PROBLEM DETAILS - Output the entries in full and verbatim, pictures omitted.
SUPPLIED DATA: Begin
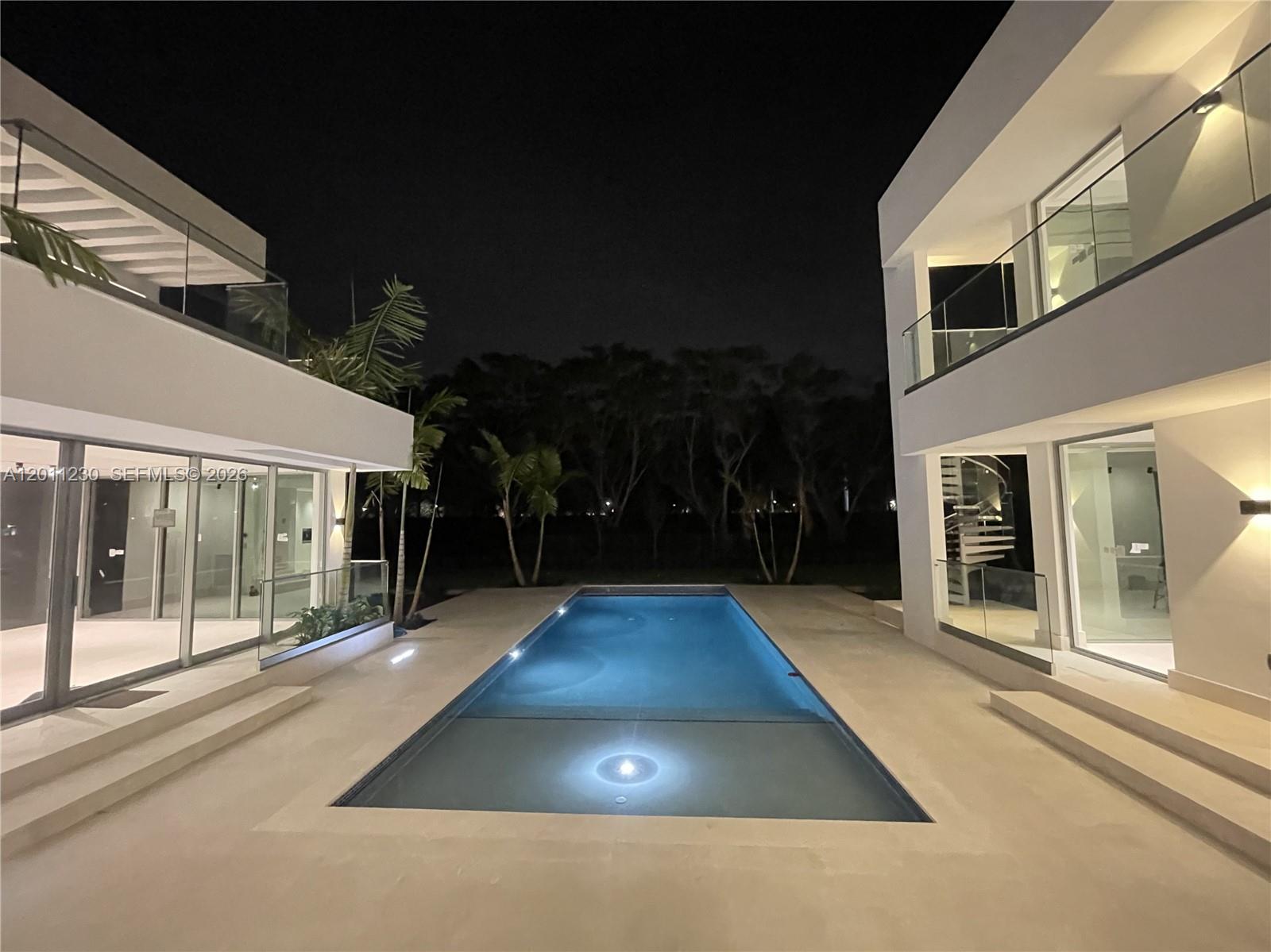 3280 Lake Ridge Lane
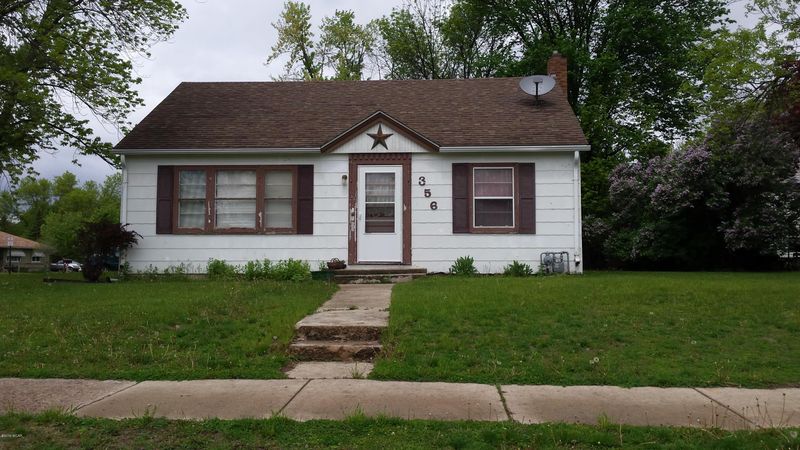 356 16th St, Windom, MN 56101
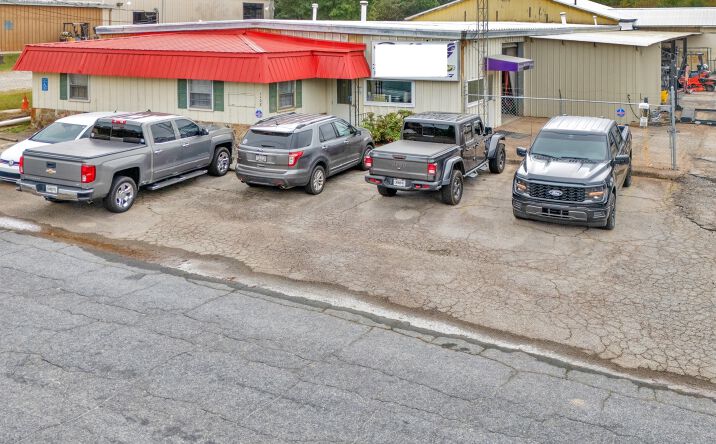 Pictures of Retail, Land property located at 1108 Anne St, Griffin, GA 30224 for sales - image #1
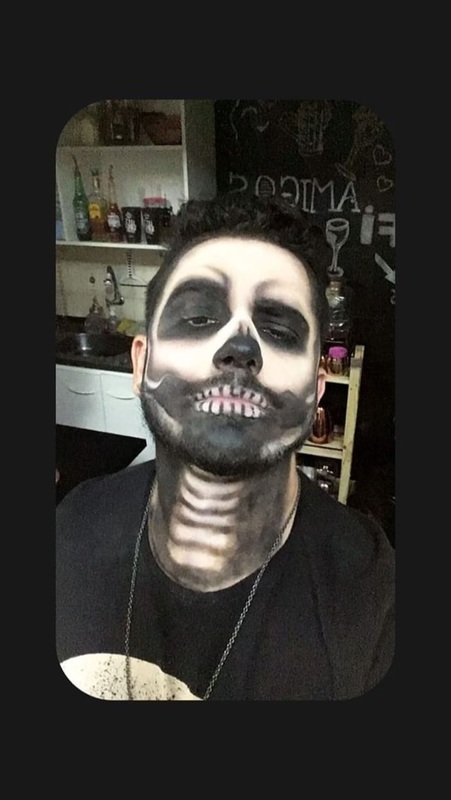 Maquiagem artística 
Halloween  maquiagem designer de sobrancelhas maquiador(a) micropigmentador(a)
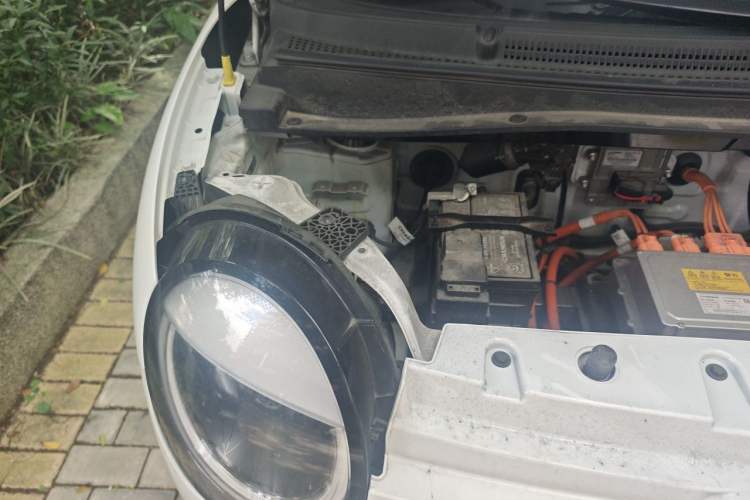 Used CHANGAN NEVO Lumin 2023 205km Xiangqin Version Engine Bay Right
SUPPLIED DATA: End
REPLY TO THE EXERCISE -
 3280 Lake Ridge Lane
 356 16th St, Windom, MN 56101
 Pictures of Retail, Land property located at 1108 Anne St, Griffin, GA 30224 for sales - image #1
 Maquiagem artística 
Halloween  maquiagem designer de sobrancelhas maquiador(a) micropigmentador(a)
 Used CHANGAN NEVO Lumin 2023 205km Xiangqin Version Engine Bay Right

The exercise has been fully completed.